L’instigateur de ces réformes, Peter Hartz a été condamné en 2007 à deux ans de prison avec sursis et à 500 000 euros d’amende, en tant qu’ex-directeur des ressources humaines chez Volkswagen, pour avoir acheté la paix sociale en arrosant les membres du comité d’entreprise de pots-de-vin, de voyages dans le Sud et de services de prostituées.
À l’Ouest
«Le gouvernement américain vient de déclarer une guerre culturelle», a déclaré le candidat social-démocrate Martin Shulz en juin 2017 devant l’attitude protectionniste du nouveau président, rapporte le Monde diplomatique de janvier.
En tant que partenaire économique, Donald Trump ne recueille que 11% de la confiance des Allemands dans un sondage mené en juin 2017, contre 25% pour le président russe. Le lien entre les deux pays avait déjà été fragilisé par l’annonce, 10 ans plus tard, de l’espionnage par les services américains du téléphone mobile de la chancelière allemande Angela Merkel, sous la présidence de Barack Obama.
Sur le plan militaire, les intérêts des deux pays divergent depuis longtemps. L’Allemagne a refusé d’envoyer des troupes en Irak en 2003 et ne consacre à la défense que 1,2% de son budget alors que Donald Trump fait pression sur les pays membres de l’Organisation du traité de l’Atlantique Nord (OTAN) pour qu’ils respectent leur engagement du sommet de Riga en 2006, soit 2% de leur budget.
L’isolationnisme du nouveau président américain va de pair avec la vente d’armement, les États-Unis étant le plus grand producteur au monde. Une grande partie des réfugiés pris en charge par l’Allemagne sont des victimes en provenance de guerres impliquant Washington.
Le retrait des États-Unis de l’accord de Paris sur la réduction des gaz à effet de serre handicape l’industrie allemande qui comptait exporter ses technologies vertes en Amérique.
À l’Est
Situé entre Berlin et Varsovie, le groupe de Visegrád apprécie l’informalité anti-intellectuelle et le nationalisme du président Donald Trump.
Composée de la République tchèque, de la Slovaquie, de la Hongrie et de la Pologne, cette structure de coopération informelle creuse un fossé vis-à-vis l’Europe occidentale en général.
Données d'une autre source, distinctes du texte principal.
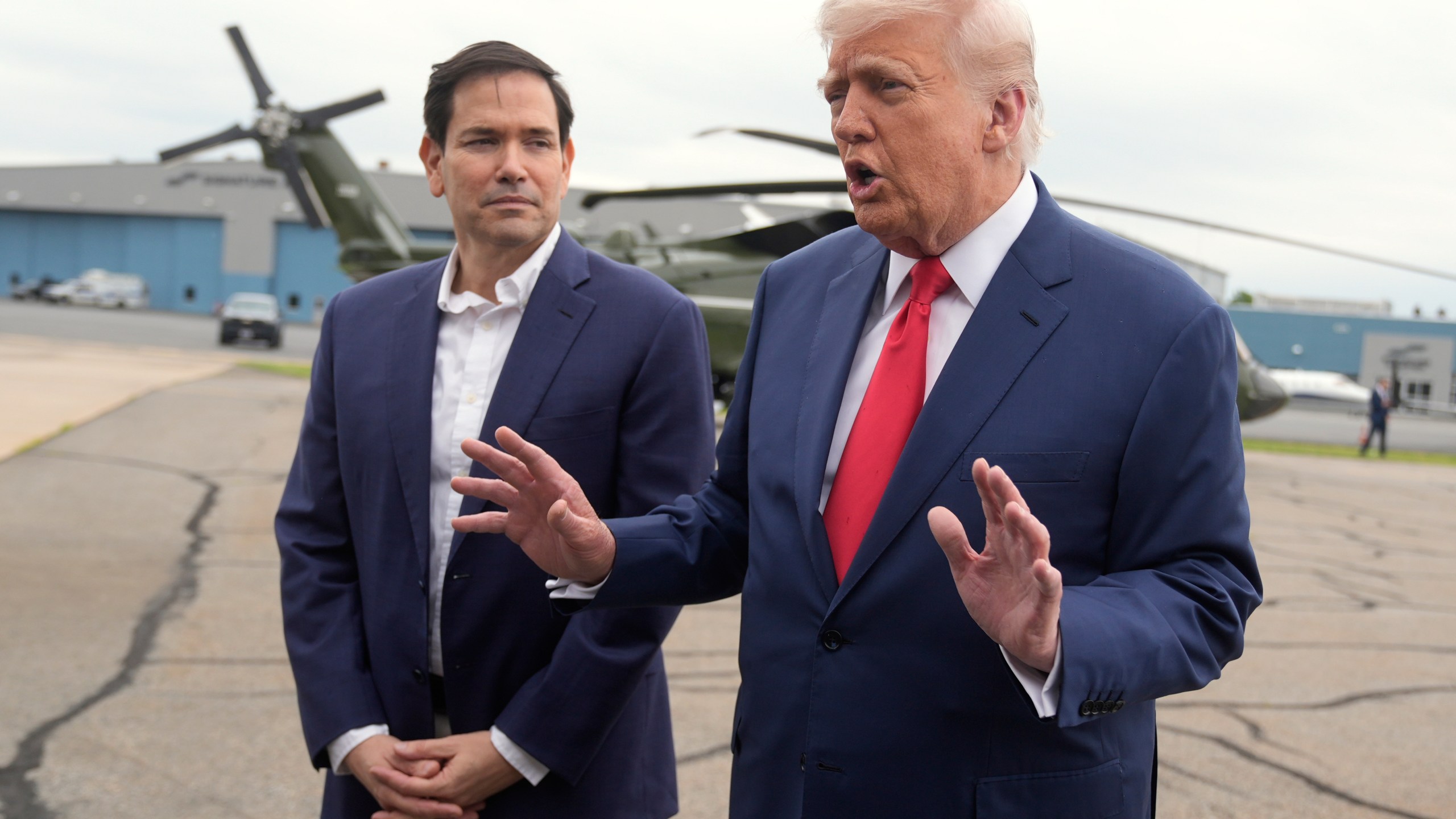 President Donald Trump, right, speaks with reporters as Secretary of State Marco Rubio listens upon arriving at Morristown Municipal Airport in Morristown, N.J., en route to Camp David, Md., Sunday, June 8, 2025. (AP Photo/Manuel Balce Ceneta)
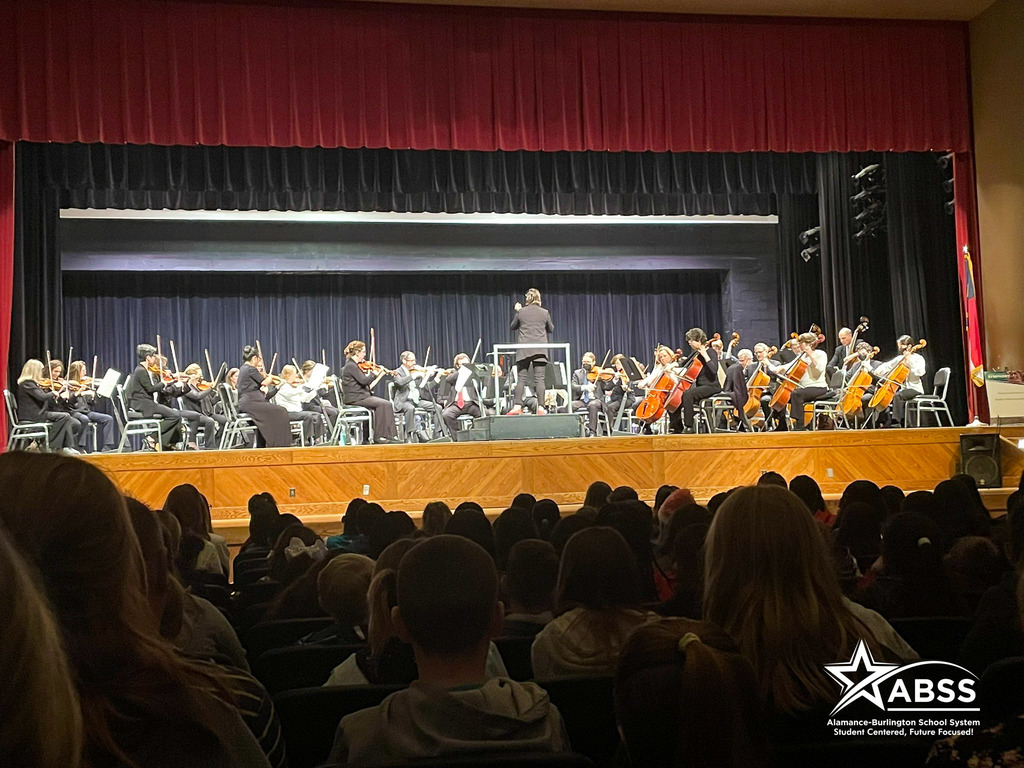 Photograph of the NC Symphony performing on stage for an audience of fourth and fifth grade students and staff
Pourtant, l’Allemagne a été la mamma, la banque et le parrain de la région à partir de la réunion fondatrice en 1991 jusqu’à leur intégration dans l’Union européenne en 2004, rapporte le Monde diplomatique de janvier.
Les propos et politiques racistes de Donald Trump font échos auprès de ces peuples épouvantés à l’idée que l’Union européenne leur impose des immigrés musulmans via le respect du droit d’asile en vigueur en Allemagne.
Le groupe de Visegrád veut mettre sur pied un contre-modèle européen en opposition à ce qu’il décrit comme «une ingénierie sociale de gauche, qui aurait labouré les sociétés occidentales pour mettre en œuvre une vision du progrès associée à la sécularisation, à l’écologie, à la célébration des minorités, au cosmopolitisme et au sécularisme», analyse Piotr Buras du Conseil européen des relations internationales.
À la différence des pays du Benelux et de l’Autriche, la position subalterne des quatre pays en transition postsoviétique se traduit en colère anti-immigration. Cette réaction anime l’extrême-droite allemande, deuxième force politique dans l’est du pays depuis les élections du 24 septembre 2017.
Hostile à la monnaie unique et à la dissolution des identités nationales, le Royaume-Uni est l’autre joueur qui vient brouiller le jeu de cartes européen. Vitrine de cet axe libéral-atlantiste, le webzine The Calvert Journal transmet son contenu «New East» dans la langue du commerce international… celle de Shakespeare, jadis.